We investigate the influence of Parkinson’s disease progression on the model performance. The Parkinson’s disease progression can be expressed by the diagnostic gap and thereby a proxy measure of disease severity. Treating each image independently, we divided our Parkinson’s subjects into four quartiles according to the diagnostic time (years) and examined the model performance compiled over our repeated five-fold cross validation in our best model, AlexNet. Sensitivity measures in the Parkinson’s group did not exhibit monotonic relationships based on the diagnostic gap or consistencies in dataset subtypes (see Supplementary Table 1). One such explanation for this result is discrepancies in the diagnostic gap, that is, the dates of diagnosis do not co-align with the true dates of disease acquisition as Parkinson’s disease is a progressive disease. Otherwise, a claim could be made that the model performance is not contingent strictly on the diagnostic gap, but rather, an individual basis of existing imaging biomarkers.

Gender is a known risk factor of Parkinson’s disease^31,32. We investigated a potential bias in our deep learning models due to gender differences in the retina. We categorized the model performances of our AlexNet model compiled over all subjects, Parkinson’s-specific, and healthy-control specific data, and conducted a series of Chi-Square Test of Independence (see Supplementary Table 2). In cases where the frequency of observations was found to be less than or equal to five, we conducted a Fisher’s Exact test. We discover no statistical significance (p < 0.05) for any experiment or data-subtype.

Discussion

This work demonstrates that deep neural networks can be trained to detect Parkinson’s disease in retinal fundus images with decent performance. Our model can predict the incidence of Parkinson’s disease ahead of formal diagnosis at demonstrated sensitivity levels of 80.0% from 0 to 3.93 years, 80.0% from 3.93 to 5.07 years, 93.33% from 5.07 to 5.57 years, and 81.67% from 5.57 to 7.38 years. These results indicate a potential pathway for early disease intervention. Automated deep neural networks show strong promises to assist and complement ophthalmologists in terms of biomarker identification and high-throughput evaluation.

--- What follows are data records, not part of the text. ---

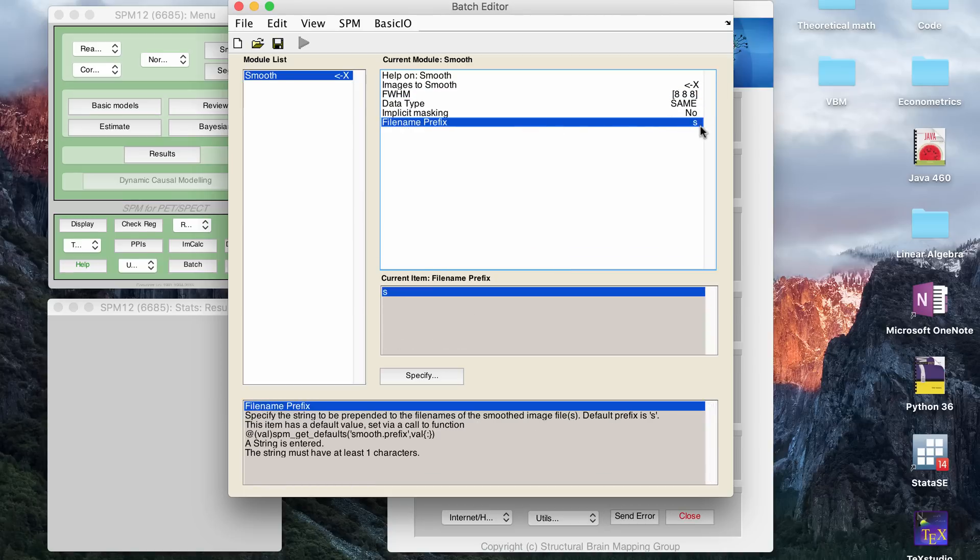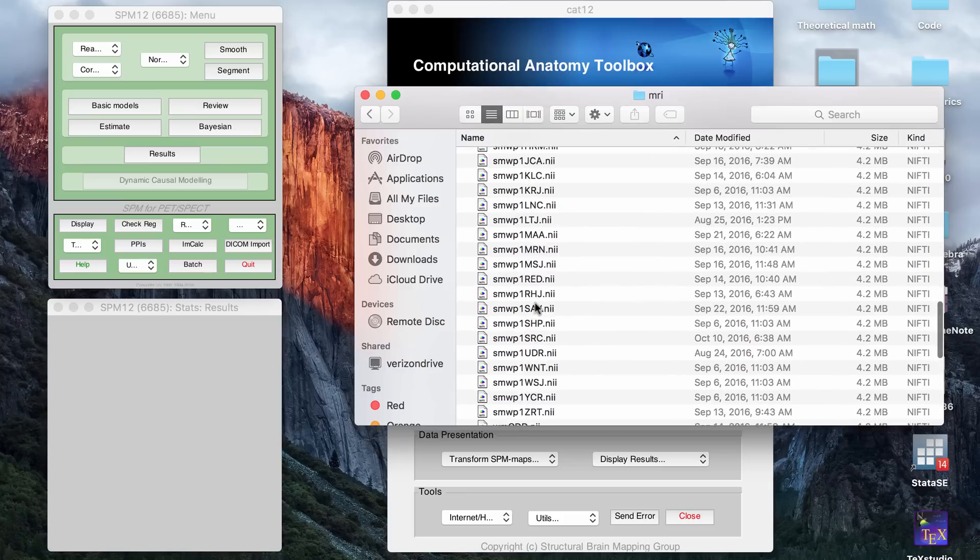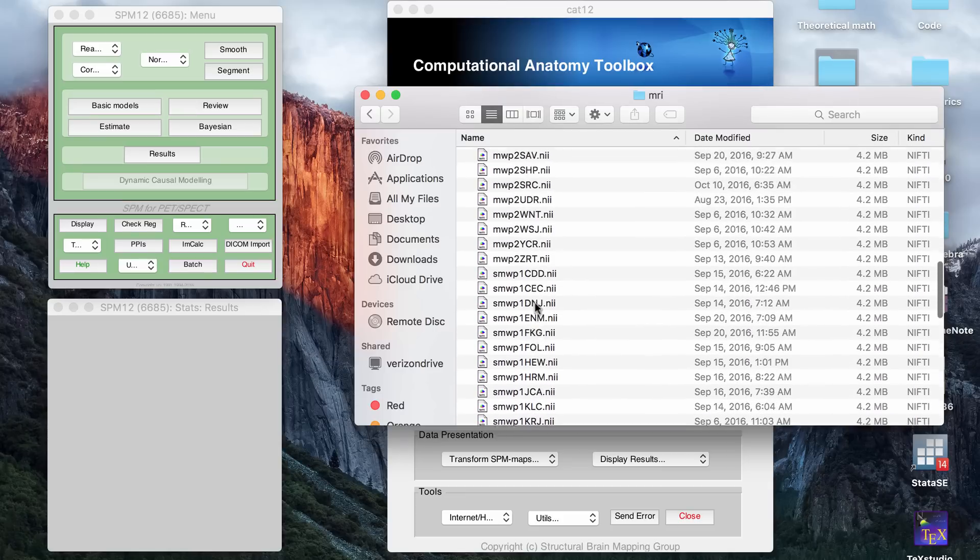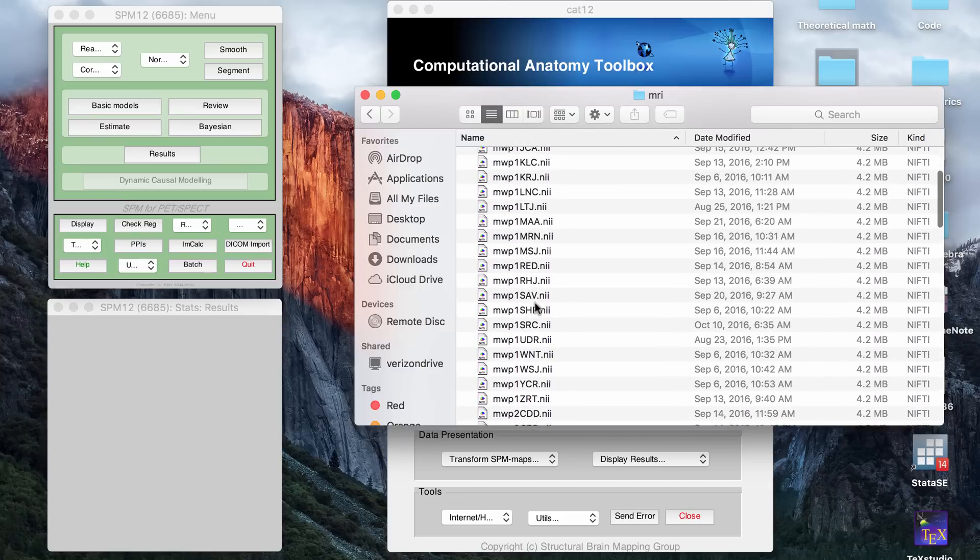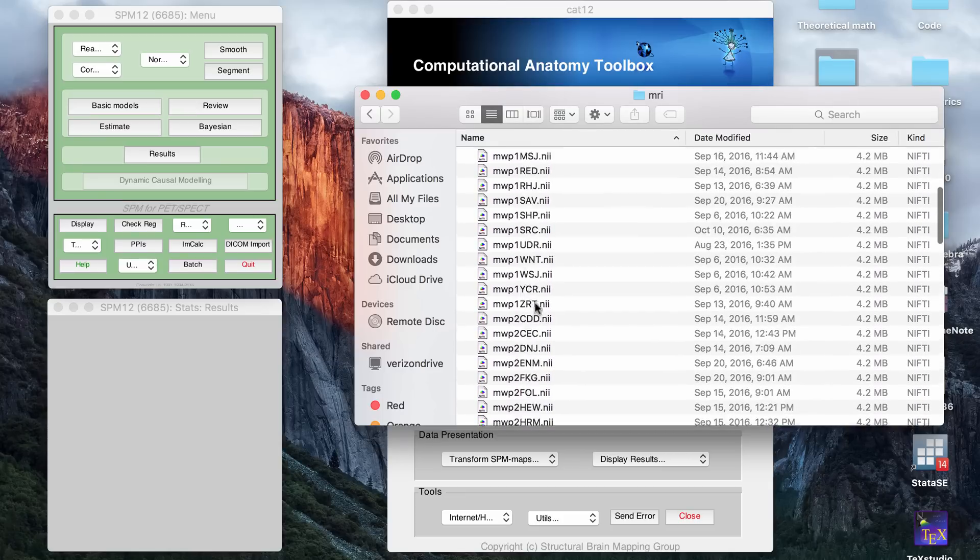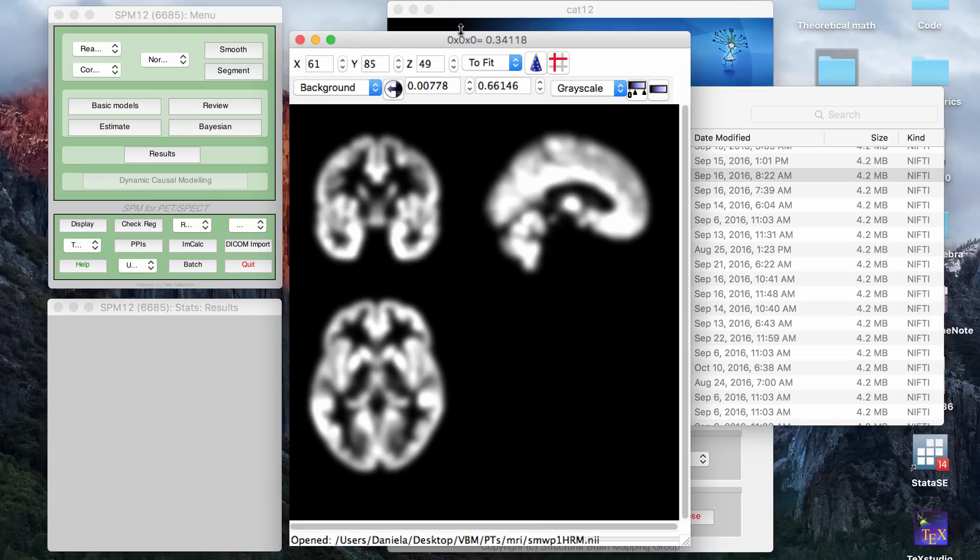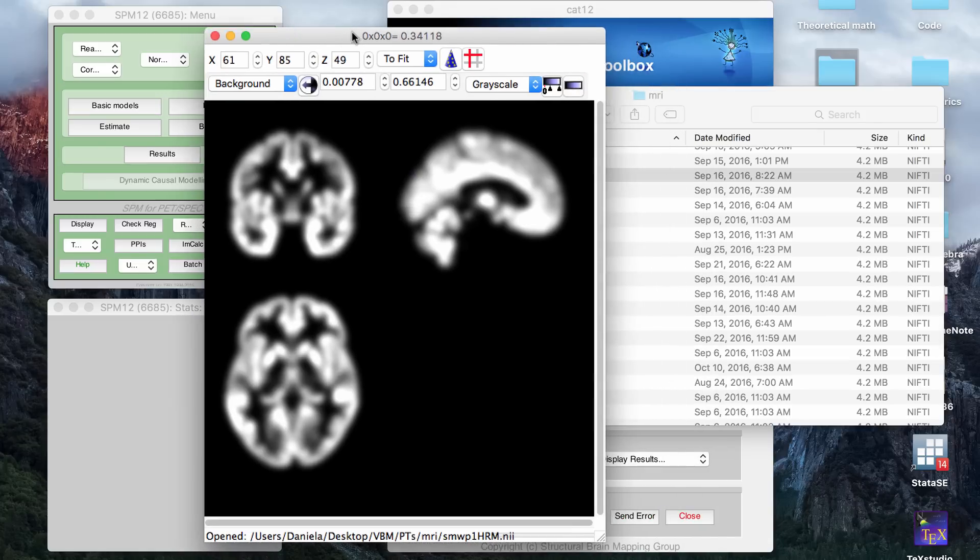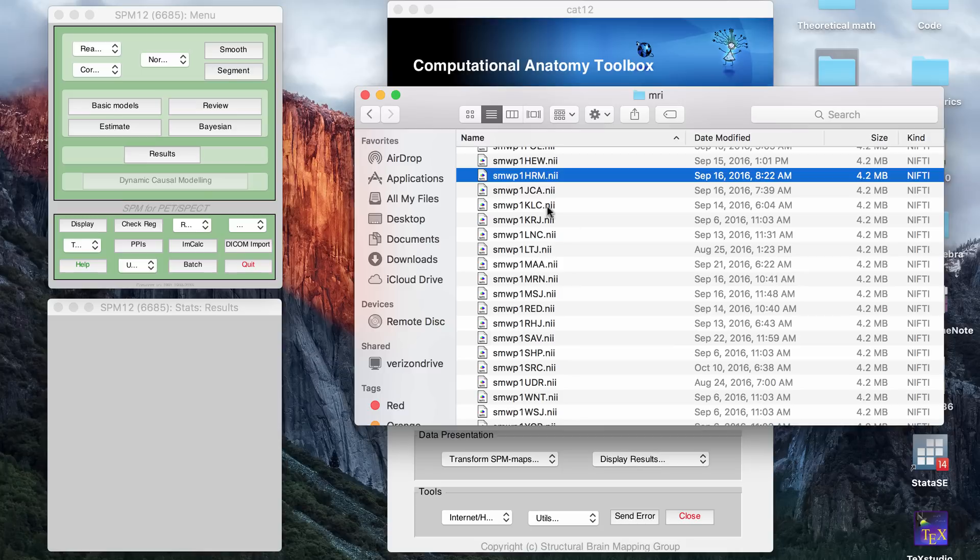This, for example, will tell you that it's appending the letter S to the files once it's smooth. So after you run this in your MRI folder, now you're going to have smoothed, so SMWP1 files. So if you click it now, you're going to see, and this is with an eight millimeter smoothing kernel. So you have the smooth gray matter files for all your patients and all your controls.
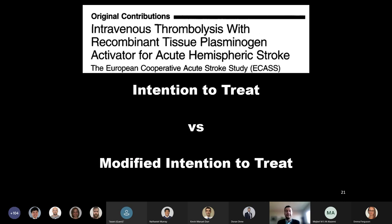Shortly thereafter came the ECASS-1 trial. This was the first tPA trial, a double-blinded RCT of 620 patients presenting with acute ischemic stroke within six hours. Now I want to talk for a moment about how they analyzed their data in this trial because I think it's really important.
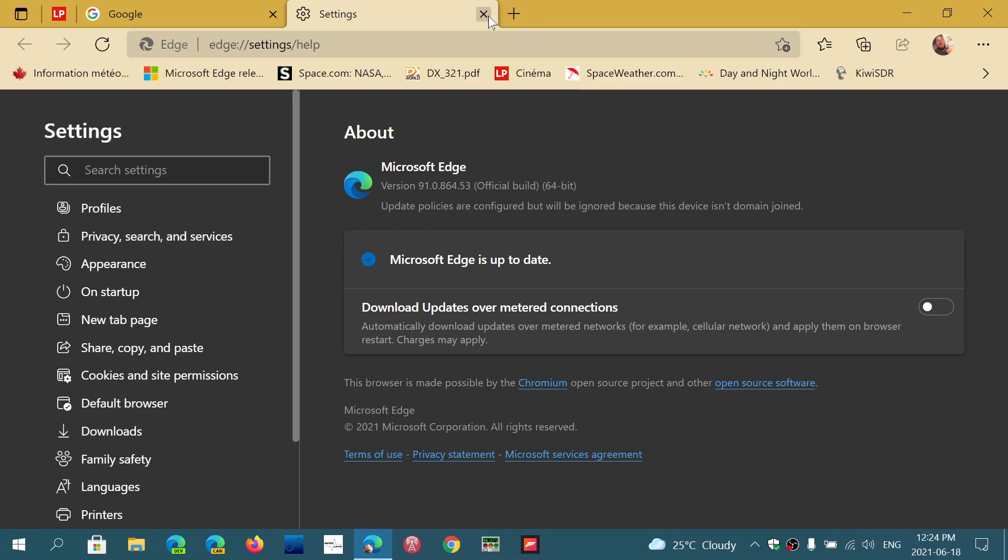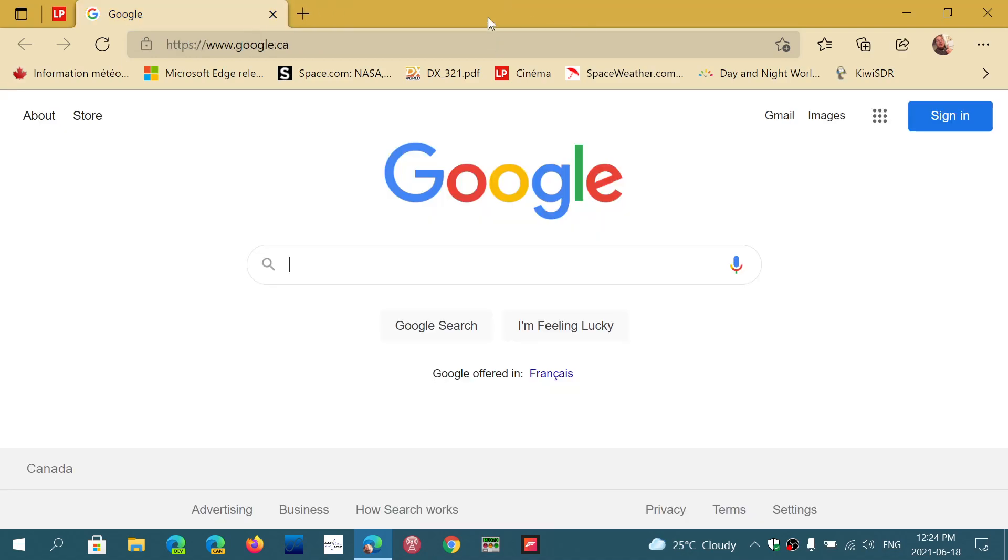Once again, keeping your browser up to date is extremely important to stay safe. That's how you stay safe. People that think security updates are not useful because they got a good antivirus are obviously people that know nothing about security and nothing about computers, because they are totally wrong.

Artificial intelligence evaluation of Parkinson’s disease through the retina has been rarely applied. Hu et al.³³ trained a deep learning model to evaluate the retinal age gap as one predictive marker for incident Parkinson’s Disease using fundus images from the UK Biobank, showcasing statistical significance and predictive AUC of 0.71. Nunes et al.³⁴ used optical coherence tomography data to compute retinal texture markers and trained a deep learning model with a median sensitivity of 88.7%, 79.5%, and 77.8% concerning healthy controls, Parkinson’s disease, and Alzheimer’s disease. However, all these works did not provide a comprehensive comparison of conventional machine learning and deep learning methods on this problem and lacked insights into the explainability of their models. We extend upon these works by treating the entire fundus image as a diagnostic modality, and comprehensively evaluate a broad spectrum of conventional machine learning and deep learning methods, as well as shedding light on the explainability in both image space and on the algorithm level. Our work will lay a solid foundation for future exploration in this direction and serve as a reference for algorithm selection in terms of both performance and explainability. Related works have been accomplished focusing specifically on Alzheimer’s disease, e.g., Tian et al.³⁵ and Wisely et al.³⁶ but not Parkinson’s disease. Clinical studies in the field have yielded statistical differences in the retinal layers between PD and HC subjects, lacking evidence for diagnostic power. Further work is necessitated in the field of deep learning to build stronger classification performance and understanding of retinal biomarkers. In the future, a multi-modal model utilizing optical coherence tomography, fundus autofluorescence, and/or electronic health records is a considerable direction for Parkinson’s disease analysis.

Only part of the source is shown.